I’d seen him before in concert, sitting on a couch mere inches from his face… I knew to expect songs that’d make my heart swoon and stories that would cause the awkward giggle-snort to escape before I could pretend to be too cool.

Instead of a restaurant over the canal like the year before, that night found my feet stuck to a beer-splattered hardwood floor in an old church-turned-coffee-house that was roughly the same temperature as a baby chick incubator.

The girls threw their curls up in ponytails, the boys shed their jackets, I snuck around when security wasn’t looking & opened all the windows, and together we rocked & rolled.

Every concert crowd wants to feel special, we blush & cheer at compliments from artists who probably had no idea what city they’d arrived in till about four minutes before walking on stage.

And yet, it was a tad different tonight.
He stepped to the mic and thanked Indy for being a bit of family… for supporting him in droves for at least ten years.
He said that because of the history, the sense of familiarity, he felt comfortable playing the old ones… songs that today’s try-to-hard-hipsters wouldn’t even recognize.

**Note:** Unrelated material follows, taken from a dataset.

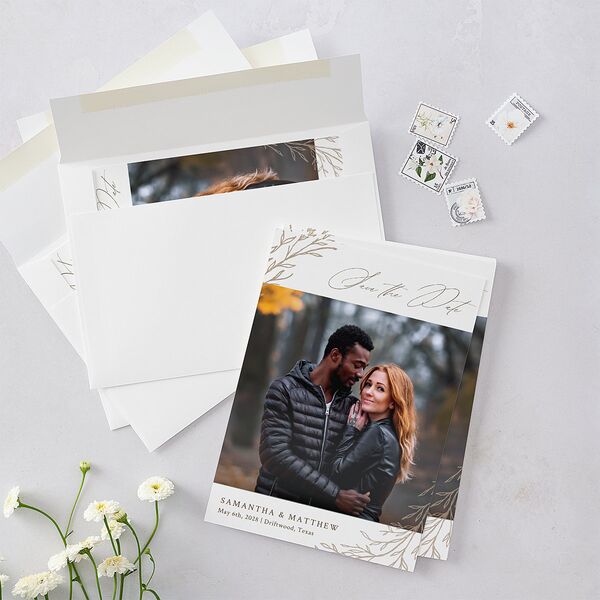 Rustic Branches Save The Date Cards Biscotti Signature smooth Blank No Standard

And he strummed, and he opened his mouth, and “She drives down on Sunset, with the windows down, just so she can let it in… she knows he’s far gone now, but there still are pieces, pieces here still left of him.” spilled out.

And that was it.
And I was a goner.

Because, and Hillsong & Enya you’ll just have to forgive me… it’s the one song… the mostly unknown song… that soothes me from the first strum.  I’ve sat alone or driven alone or laid alone and just breathed with those lyrics on repeat for years;  feeling comforted for who-knows-what-reason.
And what reason do any of us really have to explain our favorite song?

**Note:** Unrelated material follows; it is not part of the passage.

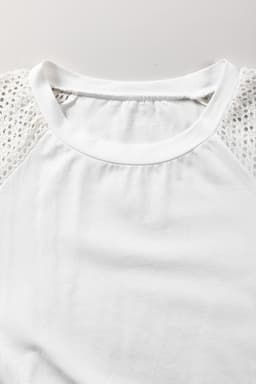 image-White Pointelle Lace Half Sleeve Crew Neck Tee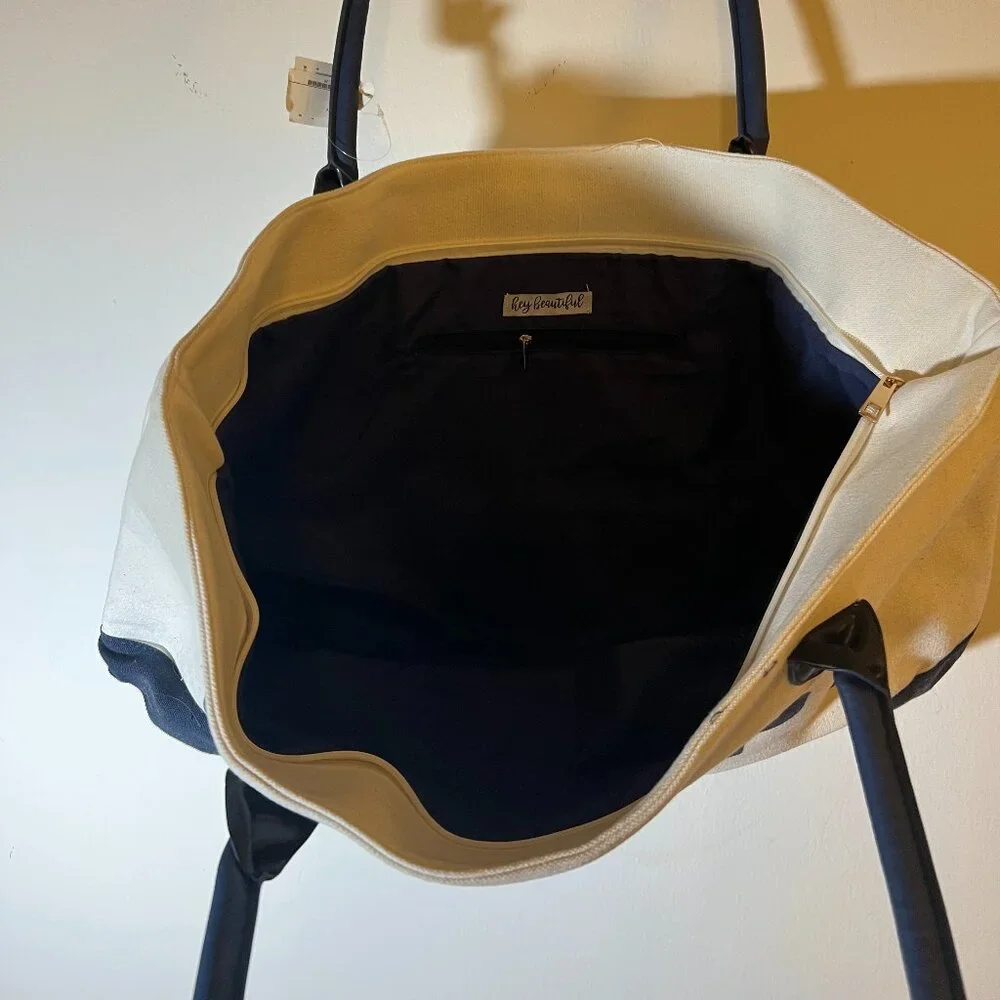 “Escape” Tote Bag, Canvas + Navy Blue - Picture 2 of 2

But here I was with my feet glued to the maple by a dozen tacky layers of Heineken, not even trying to keep it all in.  I had my hand over my heart and my eyes clenched tight, and my mouth forming around every syllable I had memorized, because in that moment I felt loved totally by surprise.  It’s as if my God just wisped a curl behind my ear and stood with a solid hand on my shoulder while I swayed… that moment was just for me.
I can count on one hand the times I’ve felt a moment was orchestrated just for me.
It’s the sweetest and shakiest and most overwhelming sense I’ve known.

Do we feel the most loved when the love comes as a surprise?

Do bouquets on our birthday feel less special than on just another Tuesday?
Do I expect to hear that I’m pretty when there is glitter & gloss involved, but does it reach deeper in my heart when you’ve seen this dress before?

I’m finding myself stuck in an odd place when it comes to love.

It’s on my mind to love better and it’s on my heart to love well every day, it’s an exhausting constant ribbon of thought that streams through me neverendingly.  I fall apart at the thought that I could’ve done it differently, done it better, done it at all.

And the other night I sat twisting my fingers at the dining room table trying to write out words of love to someone I wanted them to wash over, and I felt so completely inadequate.
Pen capped, I locked my twisting fingers into folded hands, tipped my chin down… and then gave up and put my head flat against the table and stretched my arms out in flailing hand gestures while I talked to God.

My words sped out fast…fast…faster… without time to think about them first…

“I can’t do this.  I am failing.  I don’t know how to do this.  I don’t know how you want me to do this. I don’t feel loved. I don’t feel like I love the right way.  I don’t know if You love me.  I don’t know how to want You to love me.  I don’t love You well.  I desperately want to be loved.  How does this work Lord?
I guess I don’t know because I’ve never felt treasured.”

And that was it.
And I was a goner.

I opened my eyes wide and opened my mouth wide and gasped as if I was coming up for air.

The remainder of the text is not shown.